- _Aim of the task_: Word for word, set down the lines from the one that contains "Takshashila Hotel" through the final line of the data; no pictures belong in the copy.

====== Data excerpt ======

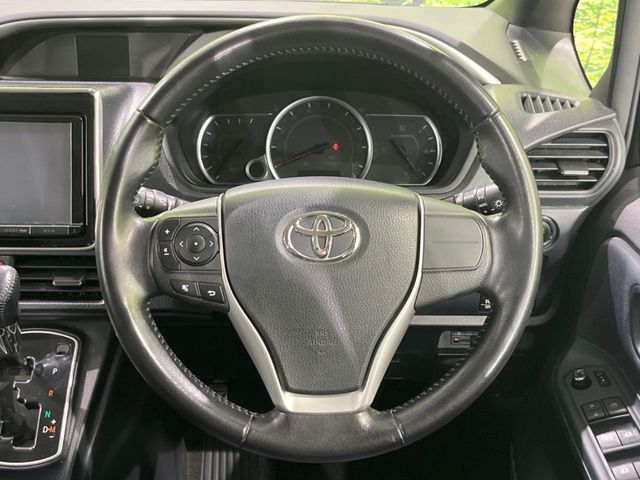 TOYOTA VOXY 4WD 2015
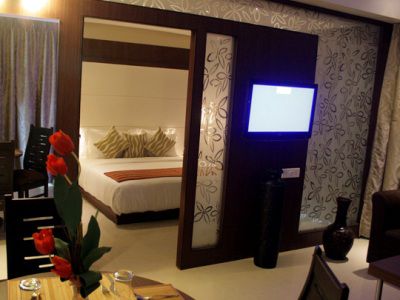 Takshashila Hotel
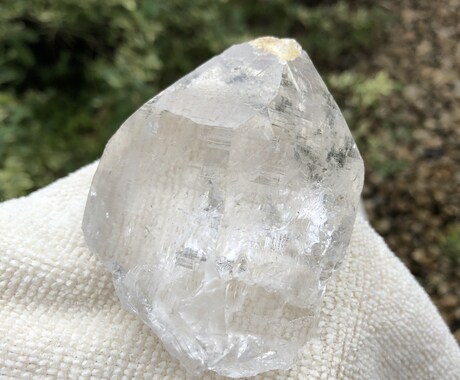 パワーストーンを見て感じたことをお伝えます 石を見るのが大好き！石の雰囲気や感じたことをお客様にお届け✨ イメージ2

======

- _Result_:
 Takshashila Hotel
 パワーストーンを見て感じたことをお伝えます 石を見るのが大好き！石の雰囲気や感じたことをお客様にお届け✨ イメージ2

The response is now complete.